**SOURCE MATERIAL**:
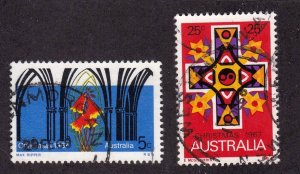 Australia   429 - 430    used  complete set     CV $2.55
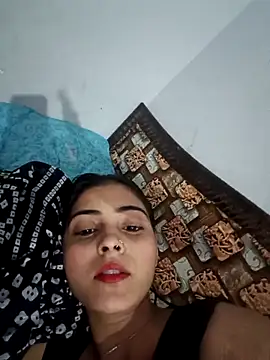 Webcam Model (Nandundi)  is live.Free join now!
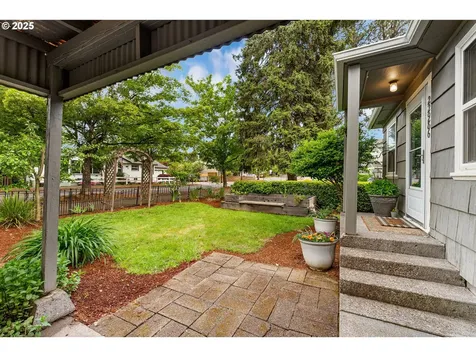 22986 SW Main Street Sherwood OR 97140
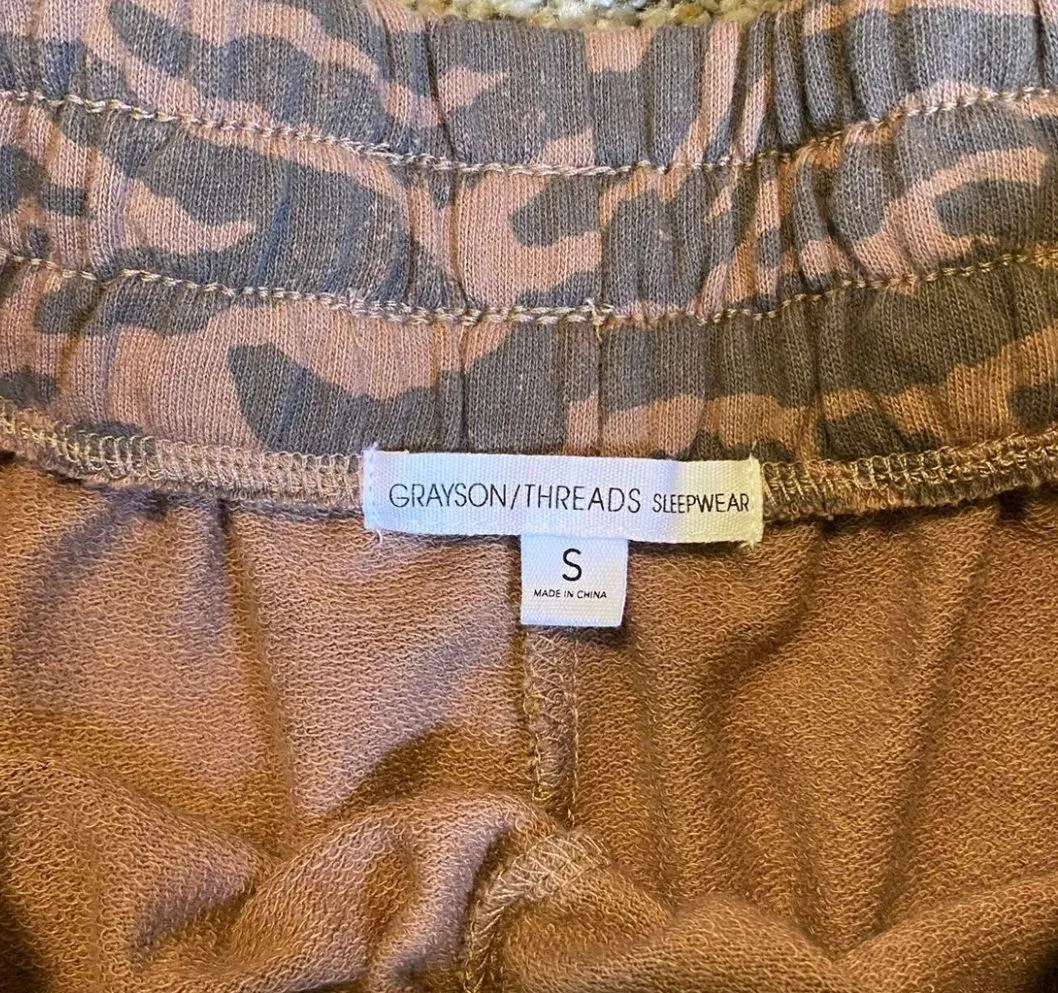 NWT  Lounge Shorts - Image 5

**WORK REQUEST**:
Nothing but the lines from the one with "Webcam Model (Nandundi)" through the last line of the material above should appear in the answer, each copied exactly, with no pictures.

**EXPECTED OUTPUT**:
 Webcam Model (Nandundi)  is live.Free join now!
 22986 SW Main Street Sherwood OR 97140
 NWT  Lounge Shorts - Image 5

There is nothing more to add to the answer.